Presented by Anthony M.
Federal Reserve Bank of Philadelphia
Remarks before the National Economists Club
January 10, 2002
Good afternoon. I am here to discuss expectations and monetary policy. I put 'great expectations' in the title of my talk to emphasize how important people's expectations are, and how far-reaching the impact of changes in expectations can be to the national economy.
Expectations are at the heart of virtually every economic decision people make. As a former finance professor, I am intimately familiar with the investment decision process. It is, to a large extent, a process of expectations. Businesses routinely try to project future gains that can be derived from investments made today. This is fundamental to capital budgeting, a subject I taught too many MBA students over the course of too many years!
Likewise, when individuals make consumption and savings decisions, expectations play an important role. For example, when people determine the appropriate amount to save for retirement, they must project annual rates of return in future years again a matter of expectations.
International economic decisions are likewise affected by expectations. Decisions about imports and exports, foreign direct investment and foreign financial investment are all tied to the future value of currencies. Exchange rates are driven by the expectations surrounding countries' economies and their political future.
In short, when it comes to making economic decisions, expectations matter. And, as events over the past several years have demonstrated, expectations can quickly change, dramatically altering aggregate demand, and exerting a powerful influence on the economy's overall performance. The point I want to emphasize today is that acknowledging this important role of expectations is fundamental to effective monetary policymaking.
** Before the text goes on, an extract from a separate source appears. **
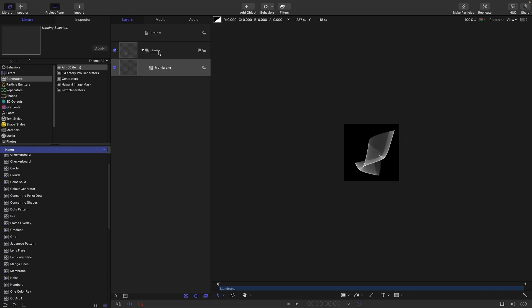So what I want to do with this is just export it as a still. I've tried running this all live and it starts to really freak out motion at some point, so I wouldn't advise it.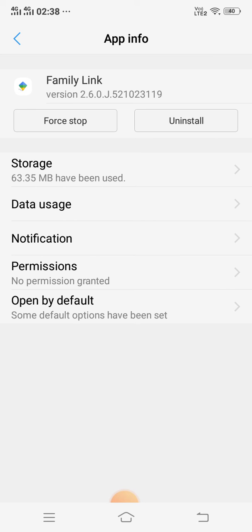So this is how you can solve your problem if Family Link is not working or not opening on your Android phone. Thanks for watching.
As you know, the goal of monetary policy is to create financial conditions that foster maximum sustainable growth. The Federal Reserve, as the nation's central bank, makes two important contributions in this regard. First, we provide essential price stability. Second, we lean against the wind, offsetting as best we can, shifts in aggregate demand that push the economy away from its potential.
These goals are essentially compatible, but receive different emphasis as the situation warrants.
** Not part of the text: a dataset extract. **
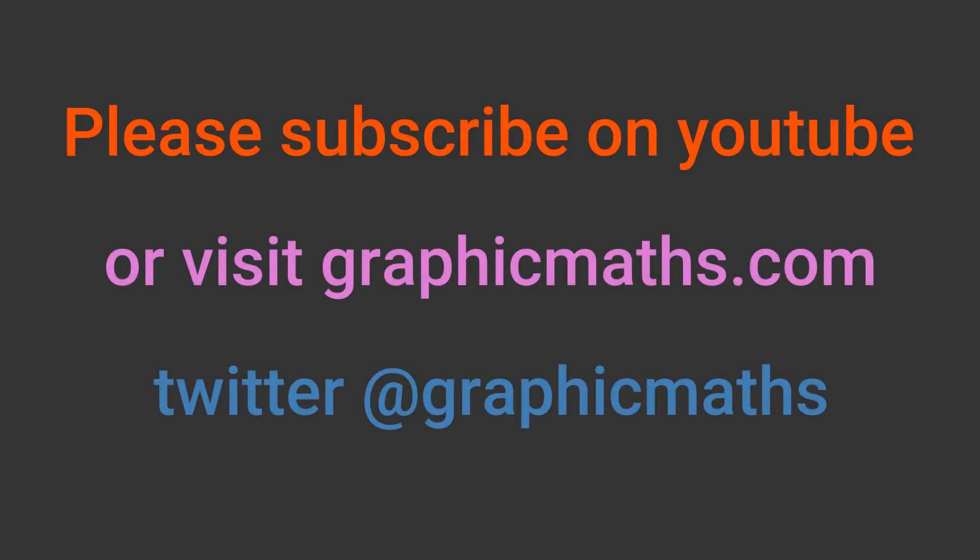If you enjoyed this video please like and subscribe. You can find more resources at graphicmaths.com. The link is in the description below.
If you consider how price stability contributes to maximum sustainable growth, you quickly realize it is not simply a matter of today establishing a stable price level, but of establishing the expectation of a stable price level for the foreseeable future.
For the market economy to achieve peak performance, it must generate efficient resource allocations and savings-investment decisions. This requires not only a stable overall price level in the near term, but the expectations of stable prices over the long term. So, as essential as price stability is, public confidence in our commitment to price stability is an equally important goal of Fed policy.
For the past twenty-two years, the Fed has focused on the goal of price stability and has been relatively successful in achieving it. Equally important, as the downward trend in market interest rates attests, we have succeeded in reducing inflation expectations.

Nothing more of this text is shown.